Hanno Glimm, Manfred Schmidt, Marlene Fischer, Kerstin Schwarzwaelder, Manuela Wissler, Silke Klingenberg, Claudia Prinz, Cornelius F Waller, Winand Lange, Connie J Eaves*, and Christof von Kalle

Department of Internal Medicine I, Albert-Ludwigs-University, Freiburg, Germany; Institute of Molecular Medicine and Cell Research, Albert-Ludwigs-University, Freiburg, Germany
Department of Internal Medicine I, Albert-Ludwigs-University, Freiburg, Germany
Johanniter Hospital Rheinhausen, Duisburg, Germany
Terry Fox Laboratory, British Columbia Cancer Agency and Department of Medical Genetics, University of British Columbia, Vancouver, BC, Canada
Experimental Hematology Research Foundation, Molecular and Gene Therapy Program, Cincinnati Children's Hospital, Cincinnati, OH, USA

* Corresponding author; email: ceaves{at}bccrc.ca.

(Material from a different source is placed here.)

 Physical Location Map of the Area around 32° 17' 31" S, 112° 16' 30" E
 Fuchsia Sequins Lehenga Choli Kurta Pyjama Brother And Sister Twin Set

Short term hematopoietic reconstituting cells have been identified in mice, non-human primates and amongst human cells that engraft xenogeneic hosts. We now present clonal marking data demonstrating a rapid but unsustained contribution of cultured human autografts to the initial phase of hematologic recovery in myeloablated patients. Three patients were transplanted with granulocyte colony-stimulating factor-mobilized autologous peripheral blood (PB) cells, of which a portion (8-25% of the CD34+ cells) had been incubated in vitro with growth factors (5 days) and clinical grade LN-retrovirus (3-5 days). More than 9% of the clonogenic and longterm culture-initiating cells harvested were transduced. Semi-quantitative and linear amplification-mediated PCR analyses of serial PB samples showed that marked WBCs appeared in all 3 patients within 11 days and transiently constituted up to 0.1-1% of those produced in the first month. However, within another 2-9 months, marked cells had permanently decreased to very low levels. Analysis of >50 vector insertion sites showed none of the clones detected in the first month were active later. 80% of inserts were located within or near genes, 2 near CXCR4. These findings provide direct evidence of cells with rapid but transient repopulating activity in patients and demonstrate their efficient transduction in vitro.